Disclaimer This edited version has been archived due to the length of time since original publication. It should not be regarded as indicative of the ATO's current views. The law may have changed since original publication, and views in the edited version may also be affected by subsequent precedents and new approaches to the application of the law. You cannot rely on this record in your tax affairs. It is not binding and provides you with no protection (including from any underpaid tax, penalty or interest). In addition, this record is not an authority for the purposes of establishing a reasonably arguable position for you to apply to your own circumstances. For more information on the status of edited versions of private advice and reasons we publish them, see PS LA 2008/4. |
Edited version of your written advice
Authorisation Number: 1012990872270
Date of advice: 30 March 2016
Ruling
Subject: Foreign pension
Question and answer
Is the lump sum payment you received from overseas assessable in Australia?
Yes.
This ruling applies for the following periods:
Year ending 30 June 2016
The scheme commenced on:
1 July 2015
Relevant facts and circumstances
This ruling is based on the facts stated in the description of the scheme that is set out below. If your circumstances are materially different from these facts, this ruling has no effect and you cannot rely on it. The fact sheet has more information about relying on your private ruling.
You are a resident of Australia for taxation purposes.
You will receive a lump sum payment from an overseas pension scheme.
The lump sum payment is not assessable overseas.
Relevant legislative provisions
Income Tax Assessment Act 1997 Subsection 6-5(2)
Income Tax Assessment Act 1997 Subsection 52-10(1A)
International Tax Agreements Act 1953 Section 4
International Tax Agreements Act 1953 Schedule 1 Article 17.
Reasons for decision
Subsection 6-5(2) of the Income Tax Assessment Act 1997 (ITAA 1997) provides that the assessable income of a resident taxpayer includes ordinary income derived directly or indirectly, from all sources, whether in or out of Australia, during the income year.
Assessable income consists of ordinary income and statutory income provided it is neither exempt nor non-assessable non-exempt income.
In determining your liability to pay tax in Australia it is necessary to consider not only the domestic income tax laws but also any applicable double tax agreements.
Section 4 of the International Tax Agreements Act 1953 (Agreements Act) incorporates that Act with the Income Tax Assessment Act 1936 (ITAA 1936) and the ITAA 1997 so that all three Acts are read as one.
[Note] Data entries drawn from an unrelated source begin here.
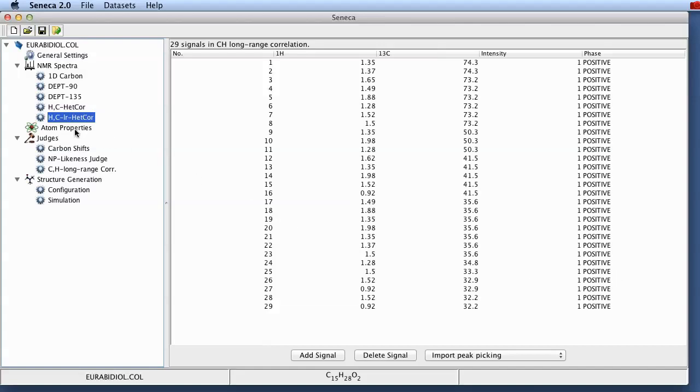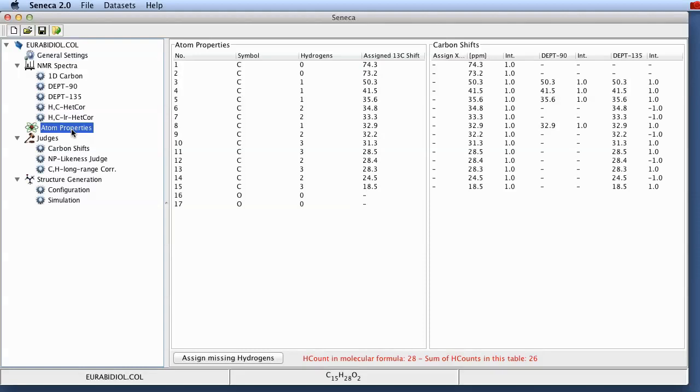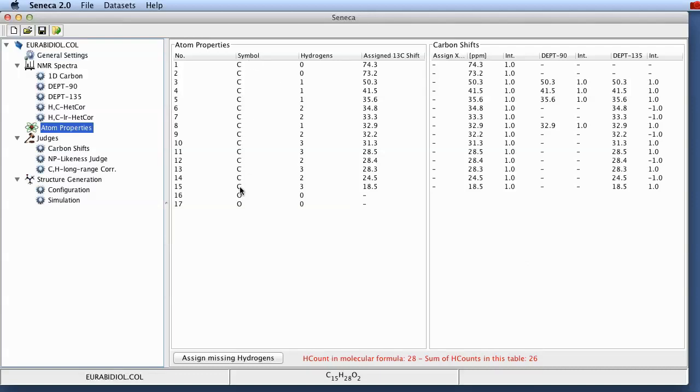The next part is something that requires your interaction. This is the central panel for the assignment of the spectral information to the atoms from the molecular formula. As you can see here Seneca has expanded those 15 carbons and the two oxygens, the heavy atoms from the molecular formula into just a column of atom symbols. And then it went through the spectral information and did an assignment of the chemical shifts from the carbon atom to all of the carbons in the molecular formula.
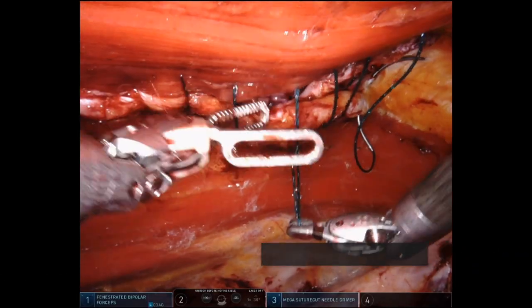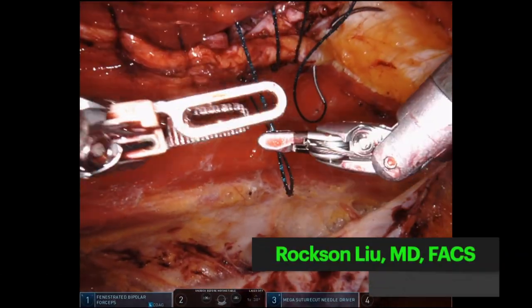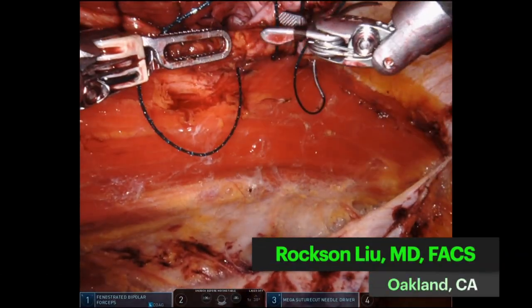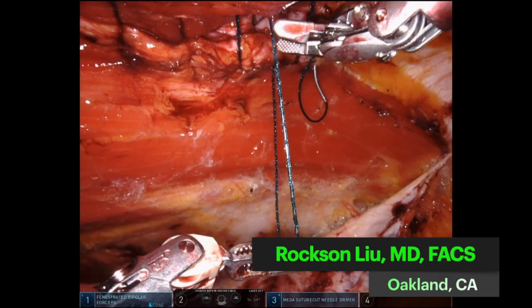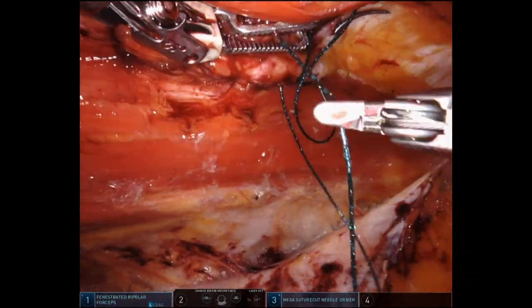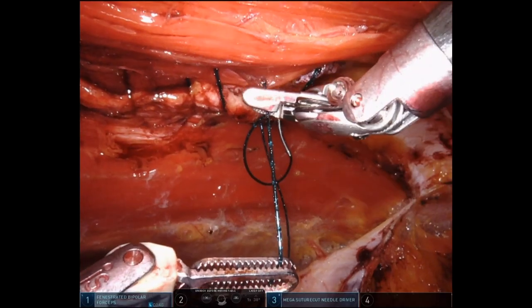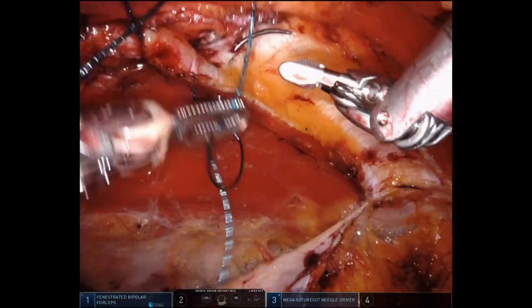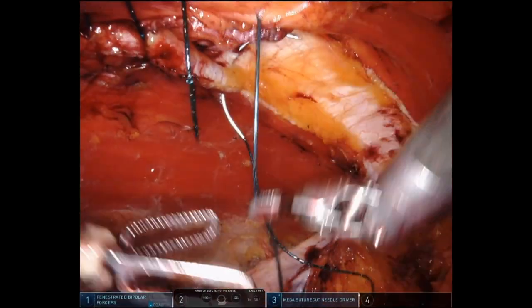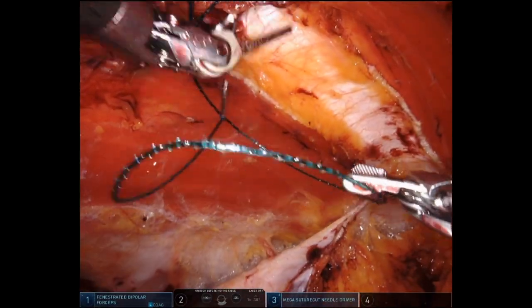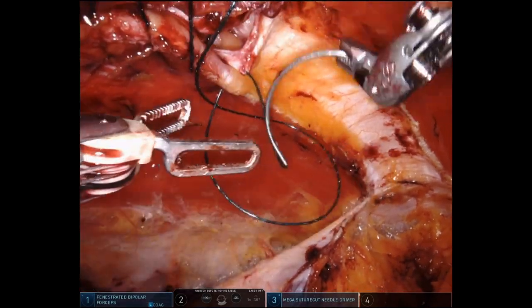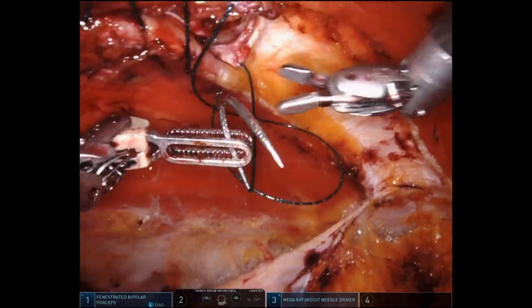Hello everyone, this is Roxen Luke from Oakland, California with a video showing the one situation where I use image inversion quite often. Here you can see I'm sewing the fascial defect in the midline closed, very much approximating the Linea Alba in an ETEP case. This applies not just to ETEP but could apply to TAP, TARM, or TAR.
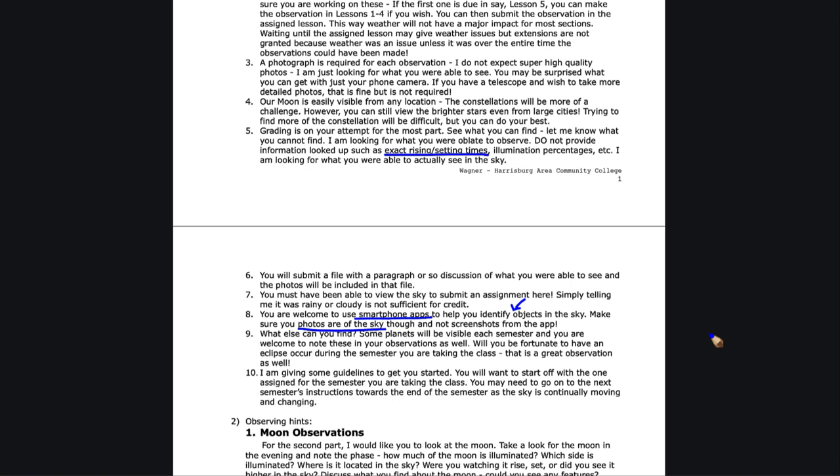What you're going to look at: Can you find any planets? Depending on the semester, there will always be some planets visible, but they will vary, and the times that they're visible, whether in the morning or evening, will change.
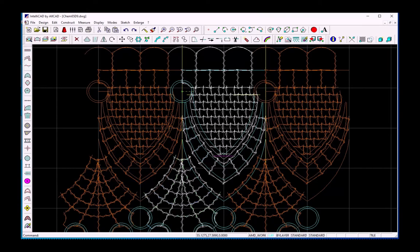Hi and welcome back to our channel. In the second part I will show you how to design the decorative stitches.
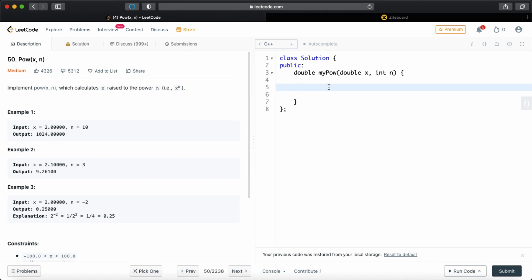Hey guys, welcome to my channel. So this is going to be a really short filler video on how to do this question called POWXN on LeetCode.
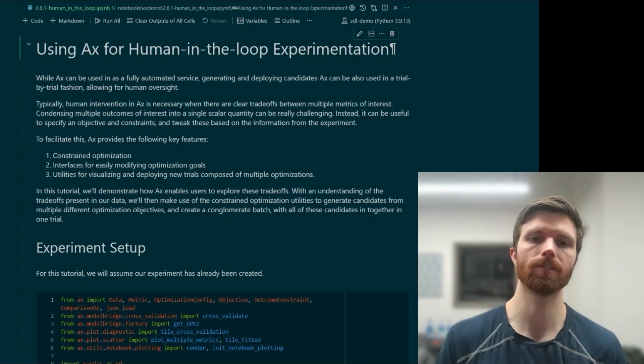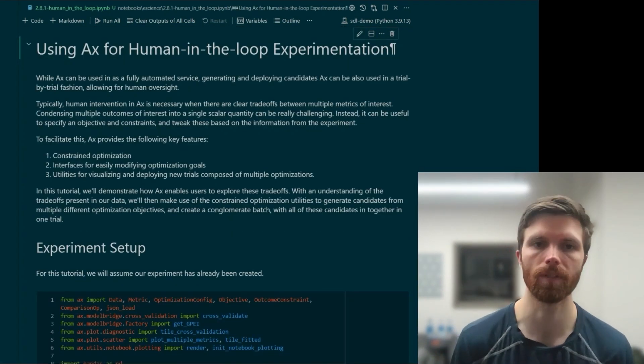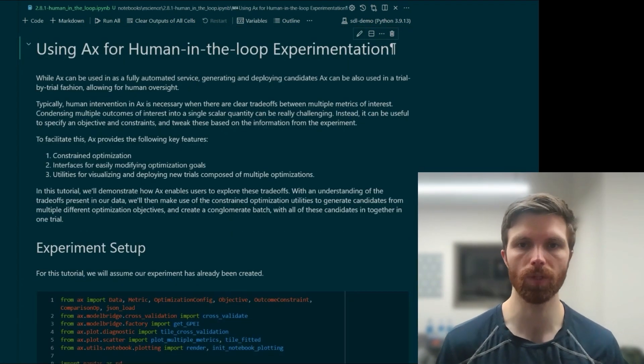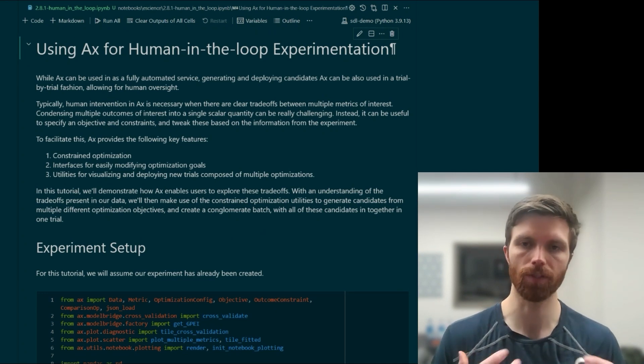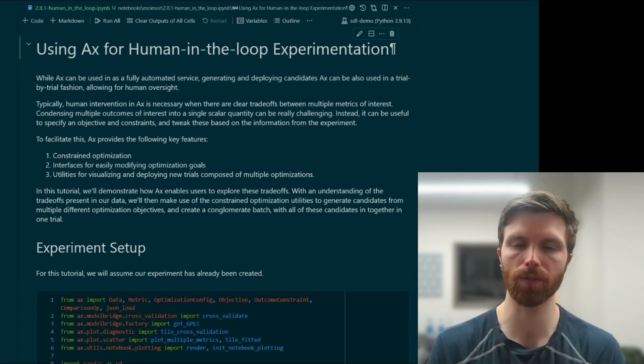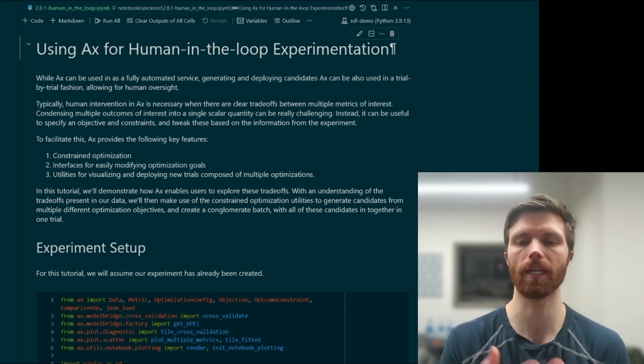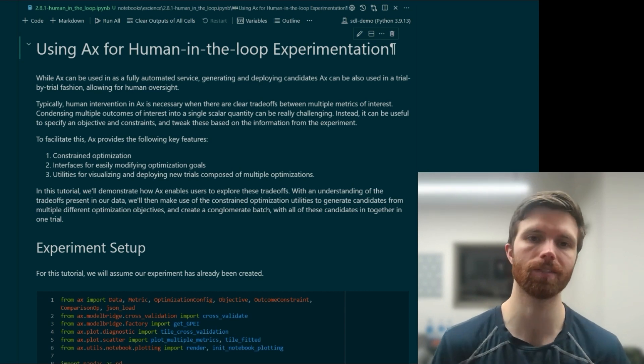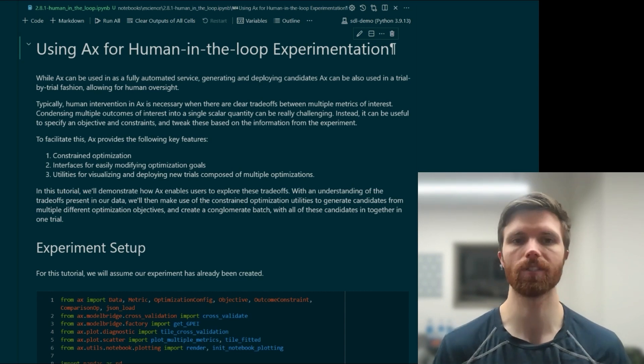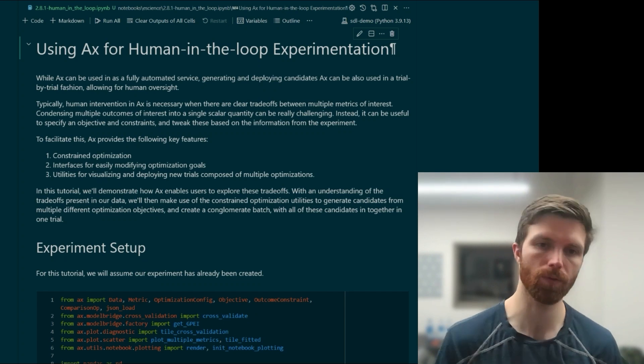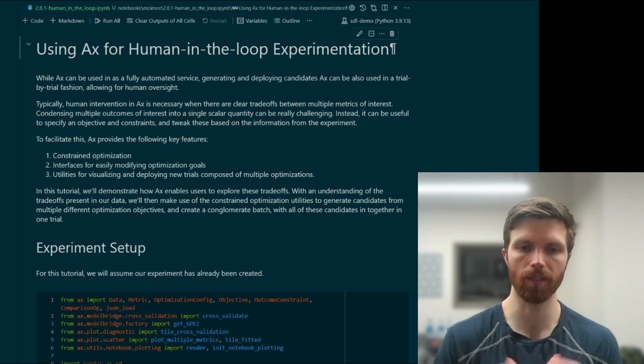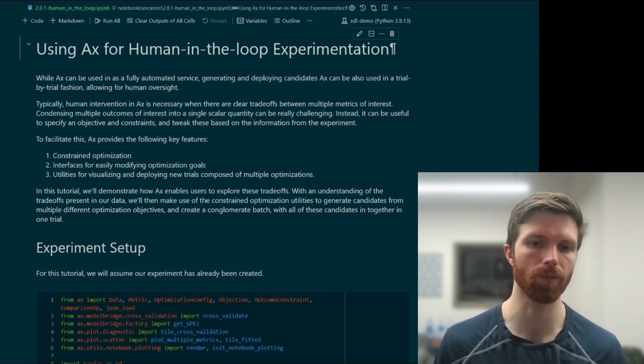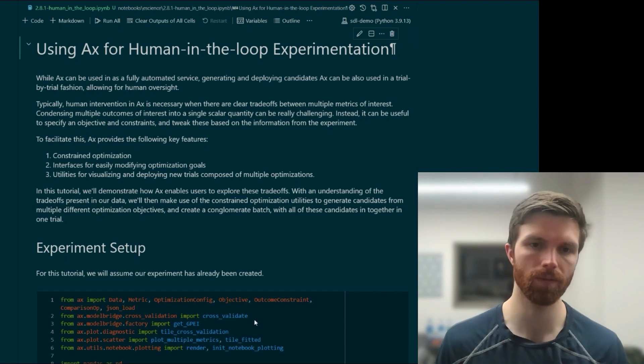Also mentioned that there's another notebook tutorial that goes into some more detail about the user really probing into the model as you're deciding on the next set of candidates and giving this human oversight to it. I won't go through this notebook, but just know that it exists in the Ax tutorials and we'll move on to the next one.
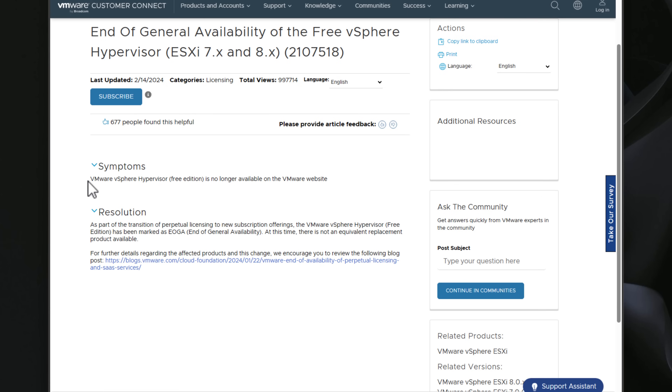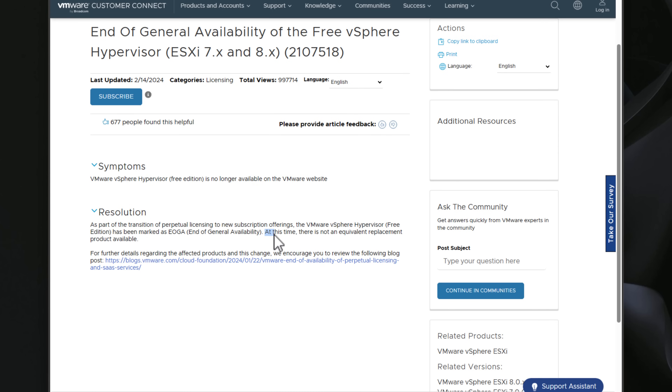Rest in peace, VMware ESXi Free Edition. It's definitely a virtualization hypervisor to remember. But let's now pivot to the topic at hand.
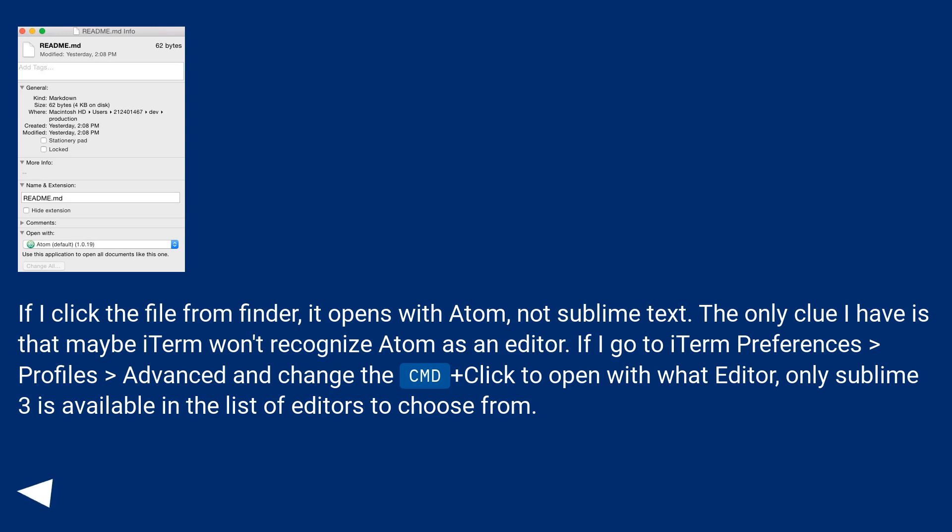If I click the file from Finder, it opens with Atom, not Sublime Text. The only clue I have is that maybe iTerm won't recognize Atom as an editor.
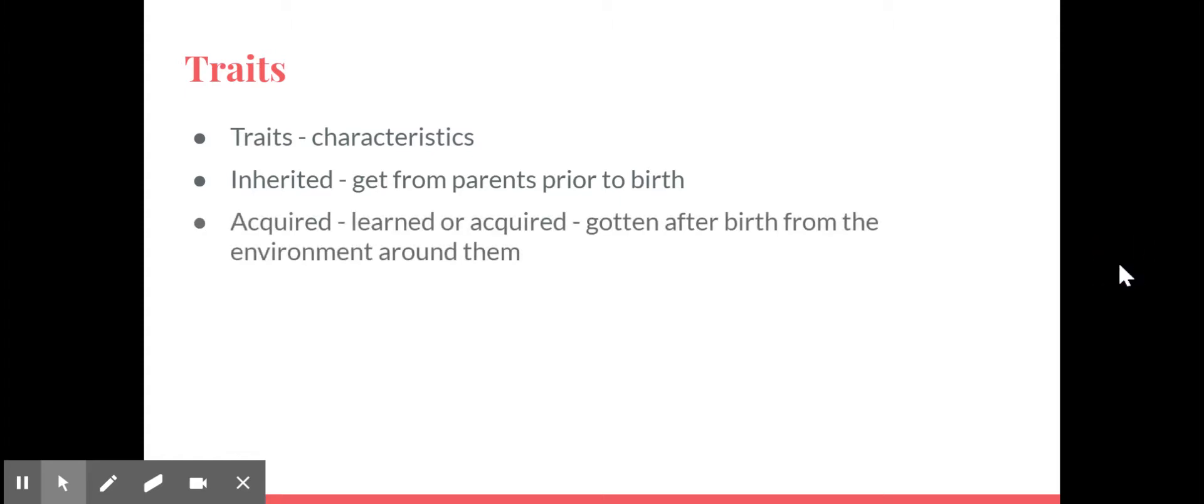And then we have acquired, which can either be learned or acquired, and these are gotten after birth from the environment around them. When I cut my hair and now I have short hair, that's an acquired trait. If you learn something, that's an acquired trait. It's not something that you were born with.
The Agreements Act overrides both the ITAA 1936 and ITAA 1997 where there are inconsistent provisions (except in some limited situations).
Section 5 of the Agreements Act states that, subject to the provisions of the Agreements Act, any provision in an Agreement listed in section 5 has the force of law. The overseas Agreement is listed in section 5 of the Agreements Act.
The agreement operates to avoid the double taxation of income received by residents of Australia and the overseas country.
Article XX of the DTA between Australia and the overseas country considers pensions and annuities. It says that pensions (including government pensions) and annuities paid to a resident of a Contracting State shall be taxable only in that State.
In your case you are a resident of Australia for taxation purposes and therefore the lump sum payment will be taxed in Australia under Article XX.
The lump sum payment is paid to you by an overseas pension scheme.
The lump sum payment is considered to be a pension payment which is deferred until you turn 60 years of age.
There is no legislation under the Australian tax system which allows for an exemption from tax on the overseas lump sum payment.
The lump sum payment must be declared in your Australian tax return.